# EXERCISE:
Could you reproduce the lines below from the one with "ENGEL Entire midlayer" through the one with "结婚当天来接新娘的时候有什么好玩的节目逗新郎哈"? Keep both ends and add nothing.

# AVAILABLE DATA:
★ ★ ★

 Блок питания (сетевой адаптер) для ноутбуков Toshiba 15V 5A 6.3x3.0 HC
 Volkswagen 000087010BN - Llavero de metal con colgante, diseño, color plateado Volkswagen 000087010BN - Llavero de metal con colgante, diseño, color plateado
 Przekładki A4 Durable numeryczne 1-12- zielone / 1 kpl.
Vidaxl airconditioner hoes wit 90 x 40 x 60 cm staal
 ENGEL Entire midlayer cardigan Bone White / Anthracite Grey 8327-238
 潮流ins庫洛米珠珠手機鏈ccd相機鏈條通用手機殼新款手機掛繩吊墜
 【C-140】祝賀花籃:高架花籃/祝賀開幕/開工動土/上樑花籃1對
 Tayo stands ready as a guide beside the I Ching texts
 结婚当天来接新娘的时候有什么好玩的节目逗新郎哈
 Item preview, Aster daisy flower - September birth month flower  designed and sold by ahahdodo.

★ ★ ★

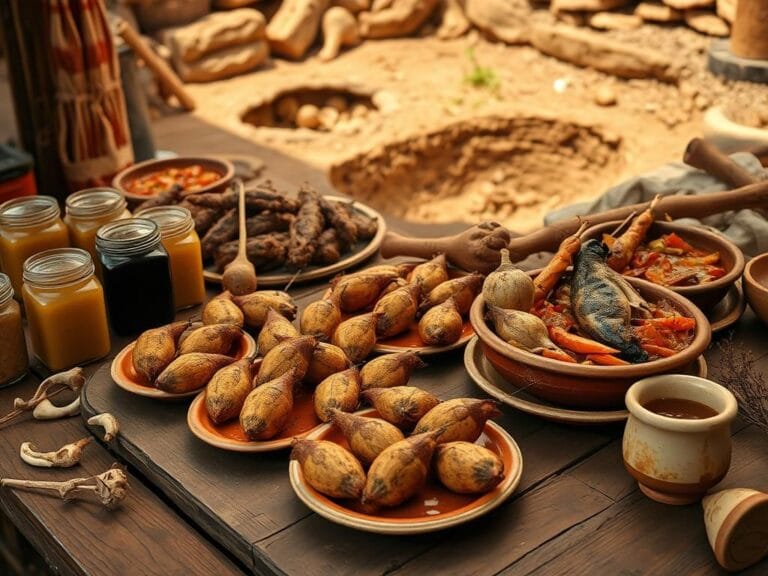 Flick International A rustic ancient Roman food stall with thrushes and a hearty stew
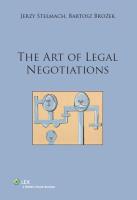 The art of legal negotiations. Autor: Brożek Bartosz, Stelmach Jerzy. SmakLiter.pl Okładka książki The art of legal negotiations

★ ★ ★

# ANSWER TO THE EXERCISE:
 ENGEL Entire midlayer cardigan Bone White / Anthracite Grey 8327-238
 潮流ins庫洛米珠珠手機鏈ccd相機鏈條通用手機殼新款手機掛繩吊墜
 【C-140】祝賀花籃:高架花籃/祝賀開幕/開工動土/上樑花籃1對
 Tayo stands ready as a guide beside the I Ching texts
 结婚当天来接新娘的时候有什么好玩的节目逗新郎哈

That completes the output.